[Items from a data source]
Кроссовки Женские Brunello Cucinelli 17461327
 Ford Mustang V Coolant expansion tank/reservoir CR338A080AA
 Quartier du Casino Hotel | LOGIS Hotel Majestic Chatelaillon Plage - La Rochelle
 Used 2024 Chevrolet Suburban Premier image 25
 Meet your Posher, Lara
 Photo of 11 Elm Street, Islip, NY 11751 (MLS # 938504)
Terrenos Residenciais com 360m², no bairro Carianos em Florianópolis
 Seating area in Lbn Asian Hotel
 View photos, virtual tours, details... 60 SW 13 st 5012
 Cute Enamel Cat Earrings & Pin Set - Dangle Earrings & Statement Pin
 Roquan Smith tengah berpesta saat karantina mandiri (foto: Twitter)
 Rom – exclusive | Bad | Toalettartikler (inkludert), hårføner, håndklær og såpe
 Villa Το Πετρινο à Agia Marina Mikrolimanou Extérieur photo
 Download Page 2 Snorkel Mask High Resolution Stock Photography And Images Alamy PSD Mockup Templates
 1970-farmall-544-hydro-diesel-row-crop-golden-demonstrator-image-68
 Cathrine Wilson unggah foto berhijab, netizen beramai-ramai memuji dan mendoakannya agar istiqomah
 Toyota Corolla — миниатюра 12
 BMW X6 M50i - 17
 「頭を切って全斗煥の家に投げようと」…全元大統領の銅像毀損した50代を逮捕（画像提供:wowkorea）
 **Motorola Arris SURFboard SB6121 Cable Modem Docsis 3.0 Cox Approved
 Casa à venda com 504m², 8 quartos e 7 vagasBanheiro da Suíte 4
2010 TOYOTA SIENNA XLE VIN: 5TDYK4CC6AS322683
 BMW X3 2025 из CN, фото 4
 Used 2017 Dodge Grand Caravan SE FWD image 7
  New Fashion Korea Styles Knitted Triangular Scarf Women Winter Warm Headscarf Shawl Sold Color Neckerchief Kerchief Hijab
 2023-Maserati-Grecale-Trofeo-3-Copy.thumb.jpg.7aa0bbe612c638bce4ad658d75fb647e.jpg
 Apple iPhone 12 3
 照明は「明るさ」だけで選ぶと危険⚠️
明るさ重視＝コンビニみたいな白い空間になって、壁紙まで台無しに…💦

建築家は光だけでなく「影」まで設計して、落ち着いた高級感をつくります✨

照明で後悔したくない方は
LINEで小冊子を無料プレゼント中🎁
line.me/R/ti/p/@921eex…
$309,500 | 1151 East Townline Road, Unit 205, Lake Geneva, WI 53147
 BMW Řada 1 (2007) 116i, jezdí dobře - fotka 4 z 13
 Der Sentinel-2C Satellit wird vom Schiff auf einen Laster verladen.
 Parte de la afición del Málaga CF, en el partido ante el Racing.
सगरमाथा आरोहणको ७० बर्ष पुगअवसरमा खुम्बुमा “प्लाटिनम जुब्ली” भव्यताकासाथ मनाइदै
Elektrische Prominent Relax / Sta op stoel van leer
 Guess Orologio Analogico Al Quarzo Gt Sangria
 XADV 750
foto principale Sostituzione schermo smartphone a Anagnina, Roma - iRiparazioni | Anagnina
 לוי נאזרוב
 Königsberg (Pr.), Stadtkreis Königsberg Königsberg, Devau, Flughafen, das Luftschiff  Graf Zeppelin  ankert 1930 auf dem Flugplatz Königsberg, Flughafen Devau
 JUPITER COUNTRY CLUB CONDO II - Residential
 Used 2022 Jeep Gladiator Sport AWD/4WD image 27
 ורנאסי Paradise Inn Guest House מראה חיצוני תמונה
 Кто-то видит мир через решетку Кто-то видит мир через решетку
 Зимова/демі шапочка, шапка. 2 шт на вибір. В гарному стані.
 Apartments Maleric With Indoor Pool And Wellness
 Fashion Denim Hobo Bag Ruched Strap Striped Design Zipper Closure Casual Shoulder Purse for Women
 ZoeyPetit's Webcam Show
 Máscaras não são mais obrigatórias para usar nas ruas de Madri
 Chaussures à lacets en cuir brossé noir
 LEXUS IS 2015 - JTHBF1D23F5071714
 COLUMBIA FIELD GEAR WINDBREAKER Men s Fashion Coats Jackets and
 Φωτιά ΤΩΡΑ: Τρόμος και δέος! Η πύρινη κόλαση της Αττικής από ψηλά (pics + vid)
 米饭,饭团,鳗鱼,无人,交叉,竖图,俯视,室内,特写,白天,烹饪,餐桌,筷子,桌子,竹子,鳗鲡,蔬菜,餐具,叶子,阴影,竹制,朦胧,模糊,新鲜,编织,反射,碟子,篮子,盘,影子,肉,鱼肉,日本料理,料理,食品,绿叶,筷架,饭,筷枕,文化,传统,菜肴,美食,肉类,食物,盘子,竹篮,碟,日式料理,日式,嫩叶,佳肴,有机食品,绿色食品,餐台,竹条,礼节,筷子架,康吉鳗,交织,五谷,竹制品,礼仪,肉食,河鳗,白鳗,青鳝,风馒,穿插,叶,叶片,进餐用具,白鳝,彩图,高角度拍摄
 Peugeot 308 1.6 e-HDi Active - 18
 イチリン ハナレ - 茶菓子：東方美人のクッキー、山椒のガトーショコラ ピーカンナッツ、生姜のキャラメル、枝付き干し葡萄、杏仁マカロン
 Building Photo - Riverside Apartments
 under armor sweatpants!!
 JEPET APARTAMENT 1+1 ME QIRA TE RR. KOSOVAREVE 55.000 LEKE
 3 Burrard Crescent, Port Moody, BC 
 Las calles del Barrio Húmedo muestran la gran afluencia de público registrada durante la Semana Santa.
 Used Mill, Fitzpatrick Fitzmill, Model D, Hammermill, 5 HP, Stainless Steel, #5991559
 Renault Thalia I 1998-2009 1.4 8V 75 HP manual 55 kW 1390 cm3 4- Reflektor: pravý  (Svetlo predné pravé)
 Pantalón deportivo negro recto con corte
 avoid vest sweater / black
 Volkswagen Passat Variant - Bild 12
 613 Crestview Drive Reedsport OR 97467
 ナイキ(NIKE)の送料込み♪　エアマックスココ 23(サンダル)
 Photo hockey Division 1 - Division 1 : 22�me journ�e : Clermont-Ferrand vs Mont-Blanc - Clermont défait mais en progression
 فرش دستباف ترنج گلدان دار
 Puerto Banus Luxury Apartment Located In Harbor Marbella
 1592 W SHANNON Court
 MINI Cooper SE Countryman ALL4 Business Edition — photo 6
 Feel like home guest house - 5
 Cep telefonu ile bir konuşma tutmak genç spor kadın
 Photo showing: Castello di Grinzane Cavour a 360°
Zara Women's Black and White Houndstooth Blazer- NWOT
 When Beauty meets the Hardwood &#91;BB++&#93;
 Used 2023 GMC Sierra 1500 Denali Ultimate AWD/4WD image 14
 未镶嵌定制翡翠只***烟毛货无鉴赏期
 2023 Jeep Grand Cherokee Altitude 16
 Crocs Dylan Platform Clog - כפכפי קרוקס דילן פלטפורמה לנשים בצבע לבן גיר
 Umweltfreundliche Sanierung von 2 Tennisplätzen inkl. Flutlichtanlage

• _TASK INSTRUCTIONS_: Copy the lines above exactly, beginning at the line that has "Photo hockey Division" and stopping after the line that has "Feel like home guest house - 5", and omit the rest.

• _TASK RESPONSE_:
 Photo hockey Division 1 - Division 1 : 22�me journ�e : Clermont-Ferrand vs Mont-Blanc - Clermont défait mais en progression
 فرش دستباف ترنج گلدان دار
 Puerto Banus Luxury Apartment Located In Harbor Marbella
 1592 W SHANNON Court
 MINI Cooper SE Countryman ALL4 Business Edition — photo 6
 Feel like home guest house - 5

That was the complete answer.